On Mon, 12 Jan 2009, Peter D. Gray wrote:
Just reverted all our filers to 7.2.5.1 after we had 7 panics in one day on 7.2.6.1 (6 on a 270A and 1 on a 3170A) We had been on 7.2.6.1 for 2 days but today was the first work day.
Looks like a problems in the quota handling.

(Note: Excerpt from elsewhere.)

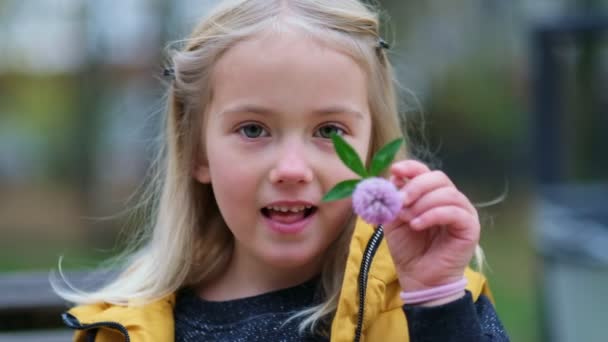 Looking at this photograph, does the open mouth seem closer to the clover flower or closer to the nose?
the nose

Mon Jan 12 14:48:38 EST [naga: sk.panic:ALERT]: replayed event: Panic String: ../common/wafl/quotas/quota.c:1684: Assertion failure. in process wafl_lopri on release NetApp Release 7.2.6.1 Mon Jan 12 14:48:38 EST [naga: sk.panic:ALERT]: replayed event: Panic String: ../common/wafl/quotas/quota.c:1684: Assertion failure. in process wafl_lopri on release NetApp Release 7.2.6.1 Mon Jan 12 15:03:59 EST [naga: mgr.stack.string:notice]: Panic string: ../common/wafl/quotas/quota.c:1684: Assertion failure. in process wafl_lopri on release NetApp Release 7.2.6.1 Mon Jan 12 15:03:59 EST [naga: mgr.stack.string:notice]: Panic string: ../common/wafl/quotas/quota.c:1684: Assertion failure. in process wafl_lopri on release NetApp Release 7.2.6.1 Mon Jan 12 15:03:59 EST [naga: mgr.stack.at:notice]: Panic occurred at: Mon Jan 12 14:48:38 2009 Mon Jan 12 15:03:59 EST [naga: mgr.stack.at:notice]: Panic occurred at: Mon Jan 12 14:48:38 2009 Mon Jan 12 15:03:59 EST [naga: mgr.stack.proc:notice]: Panic in process: wafl_lopri Mon Jan 12 15:03:59 EST [naga: mgr.stack.proc:notice]: Panic in process: wafl_lopri Mon Jan 12 15:03:59 EST [naga: mgr.stack.framename:notice]: Stack frame 0: sk_vpanic(0xd84ccc) + 0x0 Mon Jan 12 15:03:59 EST [naga: mgr.stack.framename:notice]: Stack frame 0: sk_vpanic(0xd84ccc) + 0x0
Anyone else seen this?
A quick "me too", and caution to others.
Last summer we upgraded to 7.2.5 and got hit by a quota-crashing bug. The effects on our service (20,000 accounts) were bad... very bad. This was fixed by a patch release. (Apparently, I understand, this was then properly fixed in 7.2.5.1, but we stayed on our patch release.)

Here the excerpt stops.